Re: [PATCH 4/5] rcu: Wake the RCU thread when draining

Peter Xu Thu, 06 Nov 2025 13:54:02 -0800

On Thu, Nov 06, 2025 at 10:40:52AM +0900, Akihiko Odaki wrote:
> > > > > +        /*
> > > > > +         * Ensure that the forced variable has not been set after 
> > > > > fetching
> > > > > +         * rcu_call_count; otherwise we may get confused by a force 
> > > > > quiescent
> > > > > +         * state request for an element later than n.
> > > > > +         */
> > > > > +        while (qatomic_xchg(&forced, false)) {
> > > > > +            sleep = false;
> > > > > +            n = qatomic_read(&rcu_call_count);
> > > > >            }
> > > > 
> > > > This is pretty tricky, and I wonder if it will make the code easier to 
> > > > read
> > > > if we convert the sync_event to be a semaphore instead.  When as a sem, 
> > > > it
> > > > will take account of whatever kick to it, either a call_rcu1() or an
> > > > enforced rcu flush, so that we don't need to reset it.  Meanwhile, we 
> > > > don't
> > > > worry on an slightly outdated "n" read because the 2nd round of 
> > > > sem_wait()
> > > > will catch that new "n".
> > > > 
> > > > Instead, worst case is rcu thread runs one more round without seeing
> > > > callbacks on the queue.
> > > > 
> > > > I'm not sure if that could help simplying code, maybe also make it less
> > > > error-prone.
> > > 
> > > Semaphore is not applicable here because it will not de-duplicate 
> > > concurrent
> > > kicks of RCU threads.
> > 
> > Why concurrent kicks of rcu threads is a problem?  QemuSemaphore is
> > thread-safe itself, meanwhile IIUC it only still causes call_rcu_thread()
> > loops some more rounds reading "n", which looks all safe. No?
> 
> It is safe but incurs overheads and confusing. QemuEvent represents the
> boolean semantics better.
> 
> I also have difficulty to understand how converting sync_event to a
> semaphore simplifies the code. Perhaps some (pseudo)code to show how the
> code will look like may be useful.


I prepared a patch on top of your current patchset to show what I meant.  I
also added comments and some test results showing why I think it might be
fine that the sem overhead should be small.
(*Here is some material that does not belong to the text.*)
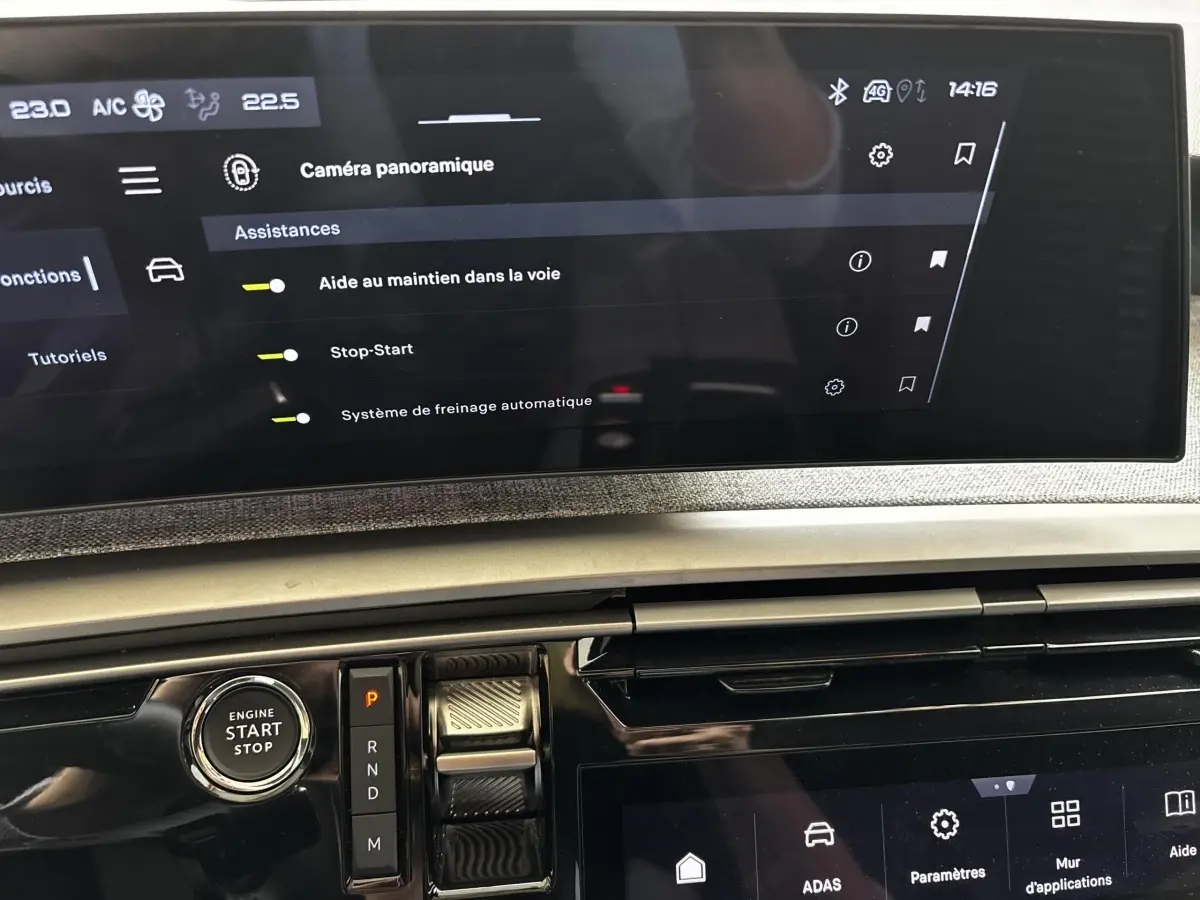 Vue rapprochée de la console centrale du Peugeot 5008 gris clair, avec écran tactile et bouton start/stop visible.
In short, I tested a VM with 8 vCPUs and 4G mem, booting Linux and properly
poweroff, I only saw <1000 rcu_call1 users in total.  That should be the
max-bound of sem overhead on looping in rcu thread.

It's in patch format but still treat it as a comment instead to discuss
with you.  Attaching it is just easier for me.

===8<===
>From 71f15ed19050a973088352a8d71b6cc6b7b5f7cf Mon Sep 17 00:00:00 2001
From: Peter Xu <[email protected]>
Date: Thu, 6 Nov 2025 16:03:00 -0500
Subject: [PATCH] rcu: Make sync_event a semaphore

It could simply all reset logic, especially after enforced rcu is
introduced we'll also need a tweak to re-read "n", which can be avoided too
when with a sem.

However, the sem can introduce an overhead in high frequecy rcu frees.
This patch is drafted with the assumption that rcu free is at least very
rare in QEMU, hence it's not a problem.

When I tested with this command:

qemu-system-x86_64 -M q35,kernel-irqchip=split,suppress-vmdesc=on -smp 8 \
  -m 4G -msg timestamp=on -name peter-vm,debug-threads=on -cpu Nehalem \
  -accel kvm -qmp unix:/tmp/peter.sock,server,nowait -nographic \
  -monitor telnet::6666,server,nowait -netdev user,id=net0,hostfwd=tcp::5555-:22
  -device e1000,netdev=net0 -device virtio-balloon $DISK

I booted a pre-installed Linux, login and poweroff, wait until VM
completely shutdowns.  I captured less than 1000 rcu_free1() calls in
summary.  It means for the whole lifetime of such VM the max overhead of
the call_rcu_thread() loop reading rcu_call_count will be 1000 loops.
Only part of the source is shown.